In a communication era that has been described as post-truth or post-factual (e.g. Lewan-dowsky et al., 2012; Van Aelst et al., 2017) — the factual status of reality and the honesty of the news media’s worldviews are no longer taken at face value but rather are seen as relative or subject to distortion. This means that citizens may become more cynical and distrusting towards information presented to them as truthful. In line with this, they may use their ideological identities or prior attitudes to separate facts from fiction — rather than basing their judgment on the veracity of information (Hameleers & van der Meer, 2019). In this setting, it is crucial to look not only at the actual facticity, neutrality, and honesty of information, but also at the perceptions of unintended misinformation and intentional disinformation. Hence, as multiple accounts of the same external reality may reach citizens in (online) news environments, it is crucial to explore the extent to which news consumers actually trust the media — or whether they perceive a crisis of accuracy and honesty in the news they are exposed to. Mis- and disinformation may thus correspond to societal developments beyond the lack of facticity and honesty of information and can spill over into demand-side evaluations of the media’s accuracy and honesty.
Relying on existing supply-side conceptualisations that regard mis- and disinformation as different phenomena (e.g. Tandoc Jr. et al., 2018; Wardle, 2017), we discern two main dimensions by which news consumers perceptions of mis- and disinformation are structured: (1) misinformation perceptions pertaining to inaccurate news reporting that deviates from reality and (2) disinformation perceptions that tap the perceived dishonesty of the news environment, which corresponds to perceived intentional misleading, deception, and dishonesty of the media (see Hameleers et al., 2020).
Perceptions of disinformation in particular correspond to an overall populist worldview. Hence, it has been argued that populist voters increasingly regard the media and mainstream sources of knowledge as biased, corrupt, and deceptive (e.g. Egelhofer & Lecheler, 2019; Kramer, 2018; Tambini, 2017). More specifically, right-wing populist actors are said to rely on a discourse in which not only the political elites, but also the mainstream media are targeted as enemies of the people (Tambini, 2017). Hence, when people perceive that the media betray the people and deliberately manipulate reality to serve their own interests, an inherently populist worldview is expressed (Fawzi, 2018). Specifically, disinformation perceptions juxtapose the honest ordinary people with corrupt elites in the media. In tandem with the increasing concern about the pervasiveness of populist sentiments throughout Europe, we thus also need to comprehend how such perceptions are expressed towards the media as a likely salient scapegoat for the peoples problems.

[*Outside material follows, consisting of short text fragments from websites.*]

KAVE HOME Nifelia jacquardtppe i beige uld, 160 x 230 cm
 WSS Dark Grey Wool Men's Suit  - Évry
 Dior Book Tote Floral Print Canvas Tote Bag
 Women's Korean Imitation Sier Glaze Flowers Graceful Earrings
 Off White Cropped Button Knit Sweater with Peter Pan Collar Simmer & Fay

In the next sections, this chapter will give an overview of how mis- and disinformation can be conceptualised as perceptions of the news medias accuracy and honesty. We will present evidence of the extent to which people in different European countries actually hold these perceptions when evaluating the medias performance, also offering insights into the role of national-level opportunity structures that may give rise to lower or higher levels of these perceptions. As mis- and disinformation perceptions may have different democratic implications, it is important to assess the extent to which news consumers in different countries evaluate the media according to these dimensions, and whether they can distinguish unintentional falsehoods (misinformation) from deliberative deception (disinformation).